Quote exactly and only this range of lines in the data below: the line that holds "Front entrance view" to the line that holds "Wide sandy beach", both included.

### Data listing
= = = = = = =
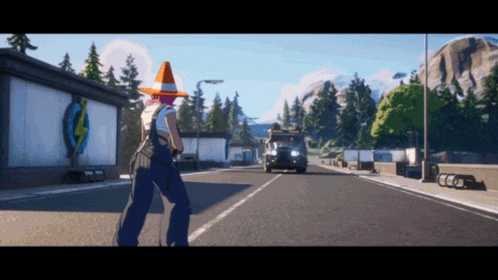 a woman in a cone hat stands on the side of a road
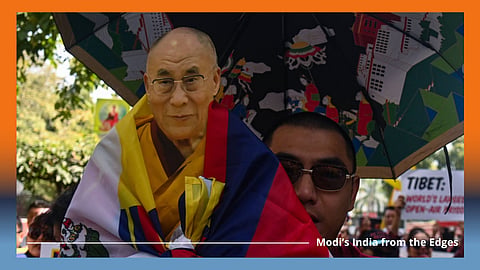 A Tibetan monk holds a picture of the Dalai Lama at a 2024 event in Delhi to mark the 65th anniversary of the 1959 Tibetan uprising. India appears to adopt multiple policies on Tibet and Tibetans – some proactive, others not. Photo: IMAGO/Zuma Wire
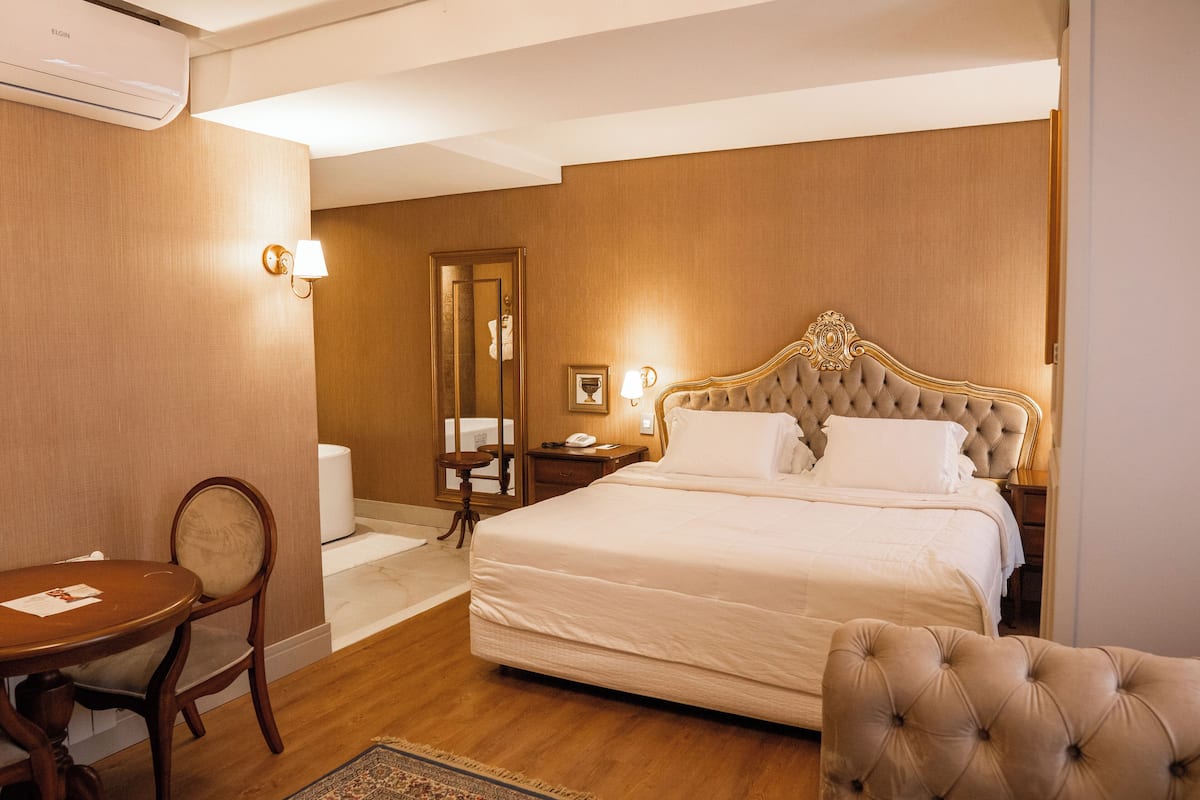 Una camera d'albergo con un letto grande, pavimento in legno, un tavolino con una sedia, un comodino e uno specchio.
= = = = = = =
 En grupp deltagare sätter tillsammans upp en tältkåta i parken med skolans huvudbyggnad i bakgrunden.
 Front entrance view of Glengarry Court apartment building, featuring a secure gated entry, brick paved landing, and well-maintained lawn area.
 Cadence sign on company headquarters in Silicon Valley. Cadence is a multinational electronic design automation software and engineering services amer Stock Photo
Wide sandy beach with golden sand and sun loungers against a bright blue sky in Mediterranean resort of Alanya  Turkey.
= = = = = = =
### The completed task
 Front entrance view of Glengarry Court apartment building, featuring a secure gated entry, brick paved landing, and well-maintained lawn area.
 Cadence sign on company headquarters in Silicon Valley. Cadence is a multinational electronic design automation software and engineering services amer Stock Photo
Wide sandy beach with golden sand and sun loungers against a bright blue sky in Mediterranean resort of Alanya  Turkey.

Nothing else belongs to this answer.